Desde então, uma escritora toma-me por tempo integral,
Pinta minhas paredes e impõe leituras,
Obstinações com o trabalho, labor de operária: vivo exausta!
Desde então, uso da minha pena para expressar o inominável.
Pastora silenciosa que precisa de terras
Para apascentar a rebeldia do rebanho de ideias.
Percorro o Sertão e a aridez da Caatinga,
Como se estivesse em casa!
Acanho-me diante da beleza dos cactos.
Plantaria morada em Iramaia,
Apenas para respirar a vastidão daquela terra!
Alguma coisa em mim permanece lá.
Mas é do Mar a minha rudeza e meus afagos,
Vem da Baía do Pontal essa mania de inundação
Trazida naqueles pesadelos da infância, sempre com o meu Pai!
Uma impudência diante dos desafios.
Uma pegada itabirana nos meus versos, vem de Drummond!
Habito o Silêncio e a melodia das Sonatas,
Sinfonias permanentes movem meu corpo,
Minha Língua é atravessada pelo ritmo das Estrelas.
Não tenho hábitos de adaptação.
Sou das insanidades, do Desejo.
Frequento o voo das andorinhas e capto a perfeição,
O deslocamento entre morte, precipício e humor.
Aproprio-me do espanto, das agonias.
Hoje, sou também uma funcionária pública.
Ilhéus é apenas uma fotografia na parede.
Mas como dói!
Dos Mistérios Imperativos
A fim de entendimentos,
Inundas meu corpo de orgias e rituais.
Observa a impudência das begônias
E a cordura das rosas:
A precisão imperará sobre tuas mãos,
E se fará sabedoria no tempo da brusquidão
E no levante das gentilezas.
Vigia a erupção das avencas,
E a quietude que também é adubo
Para o seu esplendor.
Nada em mim perdura na sofreguidão:
Careço de palavras e de mutismos.
Não sufocar as raízes, nem a imersão das vontades.
A vida perde-se, soterram-se os desejos.
O trato é o mesmo: observâncias
Do que em mim é interno, é terra.
Húmus onde desatino gozo,
Onde tudo é Sacralidade e impureza.
Desde que aprendi a plantar cores no quintal,
Vivo assim, desintegrada da razão.
4 comentários:
Quando comecei a escrever,também comecei a ler, contudo não aprendi a ler tão rápido, e talvez ainda não o saiba.

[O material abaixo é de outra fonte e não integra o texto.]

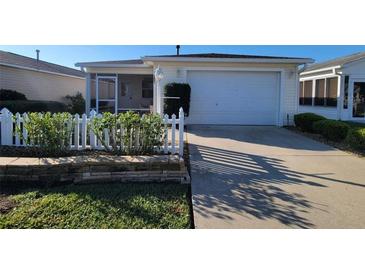 Charming single-story home featuring a well-manicured lawn and a classic white picket fence at 3621 Amelia Ave, The Villages, FL 32162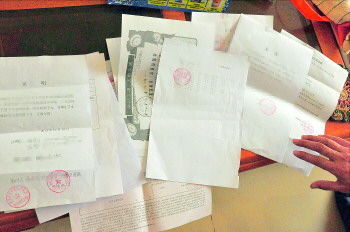 60歲的市民仇先生為了辦理公證所需的這些證明材料,半個月時間里跑了30多趟腿。記者　李萌博　攝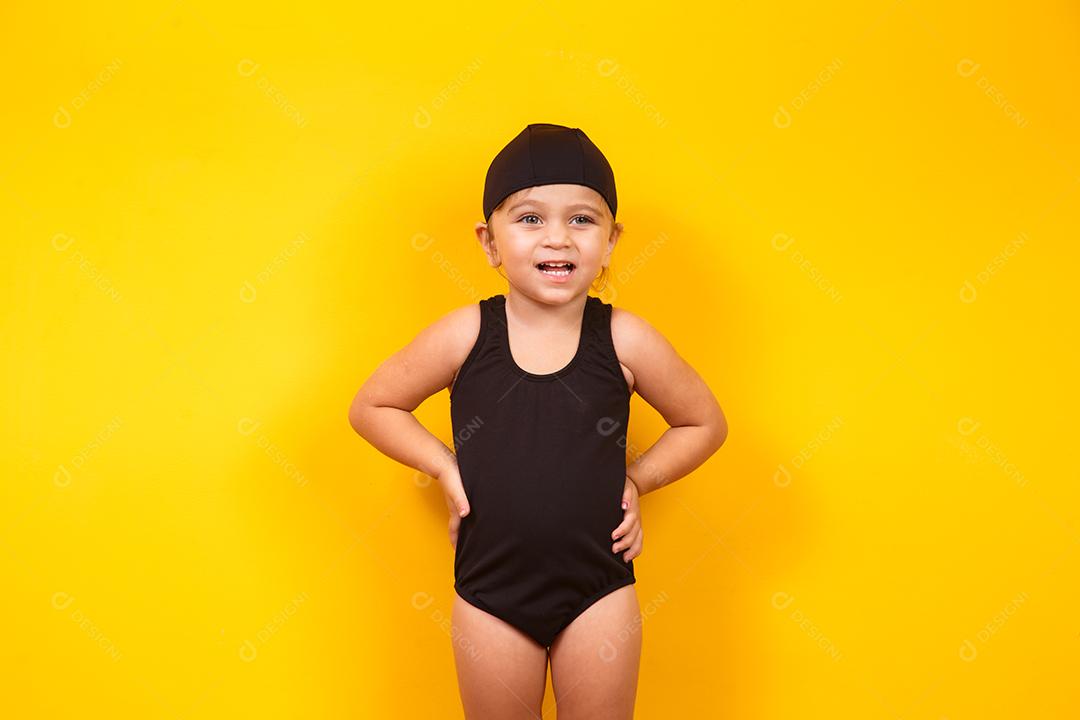 Menina vestindo roupa de praia em fundo amarelo. Conceito de verão e férias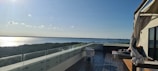 A rooftop terrace with a modern glass railing overlooks a calm body of water and a distant treeline. The wooden flooring is accompanied by a few pieces of outdoor furniture, including a chair and a daybed with cushions. A canopy with flowing drapes adds an elegant touch to the setting. The sunlight reflects off the water, adding brightness to the serene view.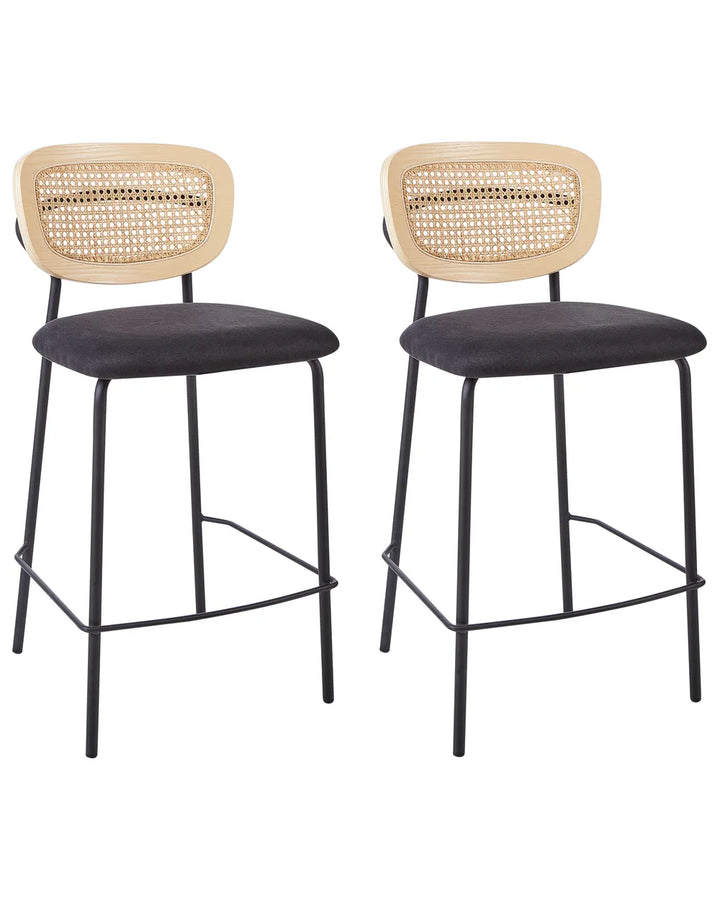 Two bar stools with wicker backrests and black seats on a white background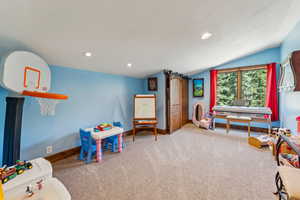 Playroom featuring recessed lighting, light colored carpet, and vaulted ceiling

Quis como todo poeta escrever versos como Castro Alves, logo percebi que aquele vocabulário escorregava muito da minha realidade. Minha defesa era desprezar os poetas que escreviam com tamanha elegância, e o fiz bem...sabia pontuar a falta de vida no poemas e o excesso de "rebuscadismo".

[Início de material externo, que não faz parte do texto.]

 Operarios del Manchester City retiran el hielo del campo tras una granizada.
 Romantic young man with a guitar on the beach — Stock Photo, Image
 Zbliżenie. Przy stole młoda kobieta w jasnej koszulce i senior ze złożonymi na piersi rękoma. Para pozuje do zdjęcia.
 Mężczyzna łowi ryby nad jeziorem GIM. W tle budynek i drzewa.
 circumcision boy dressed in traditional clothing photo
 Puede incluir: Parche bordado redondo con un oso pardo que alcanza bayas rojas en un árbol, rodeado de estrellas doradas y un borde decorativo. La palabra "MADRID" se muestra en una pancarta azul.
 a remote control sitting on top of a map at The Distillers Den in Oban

Lendo Rita Santana, pude perceber que aprendi a ler poemas elegantes e cheios de vida por dentro. Rita sinto pulsar de dentro seus poemas, e arisco dizer que são fortes... Minha leitura perpassa pela pessoa, pelo seu protagonismo. Parabéns pela tua pessoa, tua poesia.
Grato por aceitar o convite.
Meu respeito e admiração , a essa grande poeta Rita Santana.